A menina sabia que ainda não era este o momento certo para explicar ao pai o porquê desta aventura. As experiências por que passou deram-lhe esta capacidade, ensinaram-lhe a relativizar as prioridades. Saber ser a menina que é na altura devida, saber quando dar uso aos seus poderes, saber como e quando esconder rapidamente as poderosas garras e acalmar os vigorosos músculos, saber quando obedecer ao pai e quando ajudar a avó, o primo Luís e os restantes membros da sua tribo.

- Está bem papá! Tens razão. Desculpa, mas o Luís Miguel nem se deu conta que eu estava mesmo aqui, pertinho dele. Acho que adormeceu ao volante do teu carro.

O pai ajudou-a a sair daquele local apertado. As asas de obsidiana tinham ficado ocultas no interior das suas elegantes omoplatas. Apenas o pequeno arranhão que fizera quando as novas amigas se apresentaram pela primeira vez continua bem visível no centro da testa.

- Onde é que foste arranjar esse arranhão tão grande Maria? Deve ter-te doido imenso. Temos de ir já tratar disso, limpar a ferida antes que infecte.

A menina já nem se recordava daquele sinal que a si própria provocara. Seria errado impedir o pai de fazer o seu papel. Seria errado portar-se de outra maneira que não a habitual. Tem de fazer de conta que o tratamento lhe provoca a incerteza da dor.

- Mas papá, é só um pequeno arranhão sem importância, nada mais do que isso. Não gosto do cheiro do álcool. Arde tanto que até dói. Não quero papá, não quero nada disso! Só se for um pequeno penso colorido como aqueles que o Luís gosta que lhe ponham nos joelhos. Só isso está bem papá, pode ser?

Nem pensar em ceder a estas palavras de fraqueza de Maria. A ferida era feia e parecia até estar já ligeiramente infectada.

- Isso é um grande disparate! Tu, uma menina tão valente e corajosa, a fazer fita por uma coisa tão insignificante. Francamente Maria, nem parece coisa tua!

O pai não tinha percebido a subtileza da estratégia. O diálogo correu na perfeição. Tinha de o acompanhar até casa para realizar o curativo.

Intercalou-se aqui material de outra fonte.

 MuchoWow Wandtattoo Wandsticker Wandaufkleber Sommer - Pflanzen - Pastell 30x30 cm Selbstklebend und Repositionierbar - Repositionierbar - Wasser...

Deixara a porta do porta-bagagem propositadamente aberta.

O espanto com que o deus jaguar recebeu a humilhante derrota destruiu-lhe grande parte do orgulho e da soberba. Terá de se sujeitar ao desejo da vencedora, seja ele qual for. Teresa venceu Tezcatlipoca num improvável e curtíssimo combate.

O que mais deseja é que esta viagem por terras tão inóspitas acabe rapidamente. Depressa entendeu que gastaria o prémio de maneira totalmente desajustada caso fosse esse o seu pedido. Tem de se acalmar para estudar qual o melhor caminho a dar à sua consciência. São muitas e bem mais sérias as possibilidades a ponderar.

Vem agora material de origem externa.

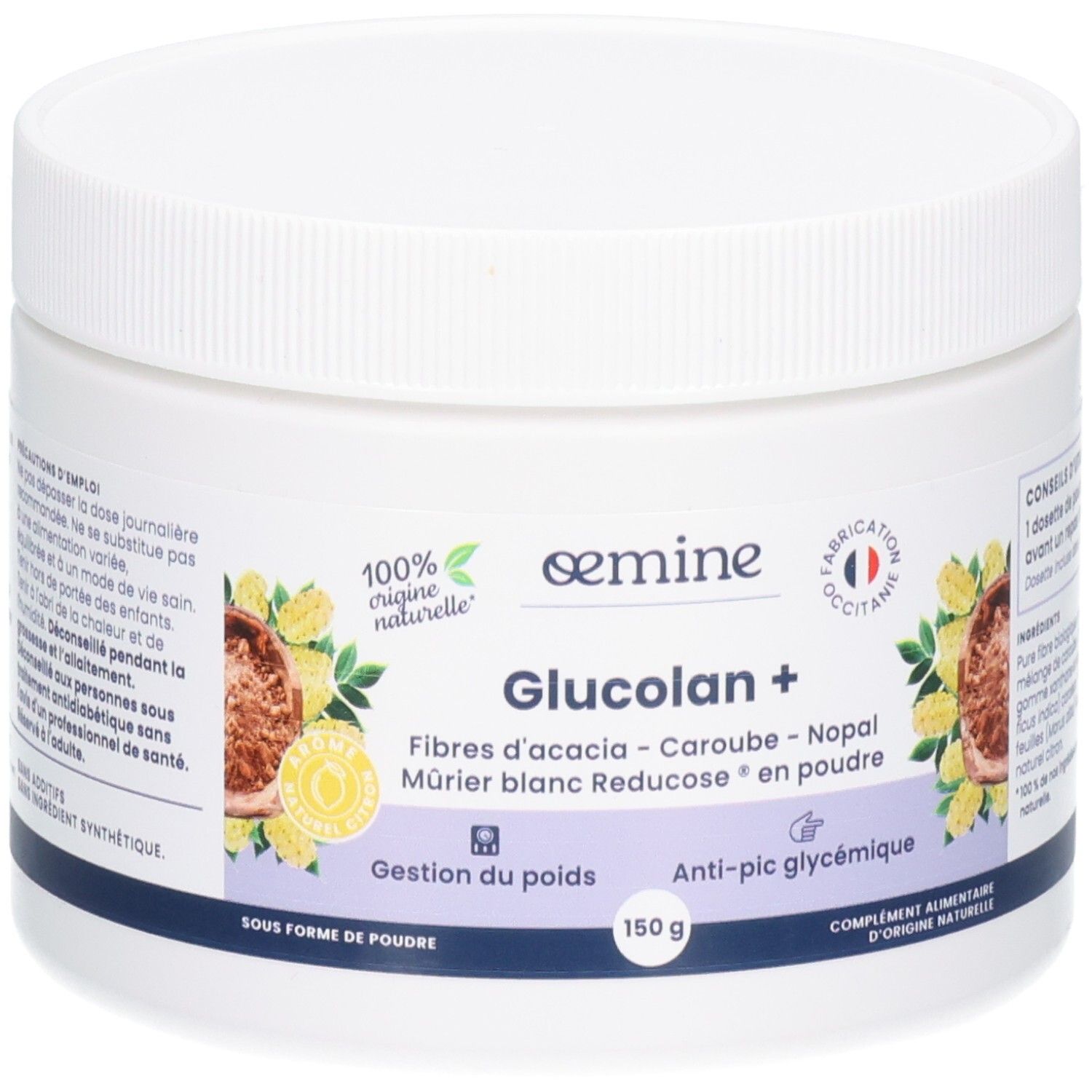 Poudre Oemine Glucolan+ dans un pot blanc avec étiquette listant fibres d'acacia, caroube et nopal.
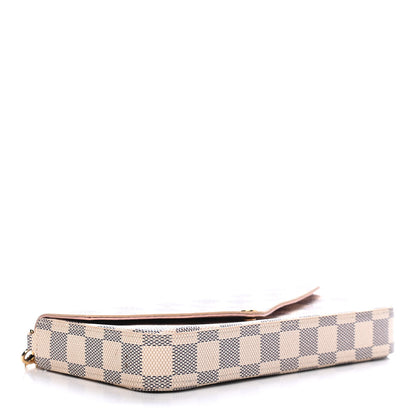Louis Vuitton Damier Azur Pochette Felicie Chain Wallet Rose Ballerine 4 of 8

Será possível trazer Serafim de volta da dimensão onde se perdeu.

Será possível voltar com o tempo atrás até ao início deste dia alucinante.

Será possível voltar a encontrar-se com os seus pais para recordar as tardes doces passadas a contar histórias e sonhos.

Será possível voltar a ser a criança pequena da sua infância longínqua.

Será possível pedir indulgência eterna para a actual e para todas as futuras gerações da sua tribo.

Será possível pedir aos deuses que promovam a máxima protecção à quarta criação da humanidade.

Será possível desejar que o tempo seja moldado de uma outra forma que não esta, para que ao avançar não se faça sentir o excessivo peso das suas marcas.

Será possível pedir que aos humanos seja ensinado o funcionamento dos relógios divinos e lhes seja permitido manusear esses complexos mecanismos.

Será possível pedir um copo de água para beber. A sede é tanta que a língua se colou ao céu-da-boca numa autêntica tortura.

O Luís Miguel ficou espantado por ver o tio Sebastião sair da garagem acompanhado pela prima Maria. Tinha-se colocado por detrás do grande plátano a dar protecção à corda e às bonecas. Aguardava que o noivo pudesse ser rápido a sair da garagem para depois voltar para o seu posto de vigia, como fiel general que é. Sentado ao volante da máquina, aguardaria pelas instruções supremas da mais valente das meninas do universo. O que não estava à espera era disto. Ver Maria de mãos dadas com o pai a caminho da mansão, com a maior das naturalidades. Era, no mínimo, um estranho acontecimento.

Será que as afiadas e assustadoras garras da prima continuam a crescer nas suas bonitas mãos de princesa? Será?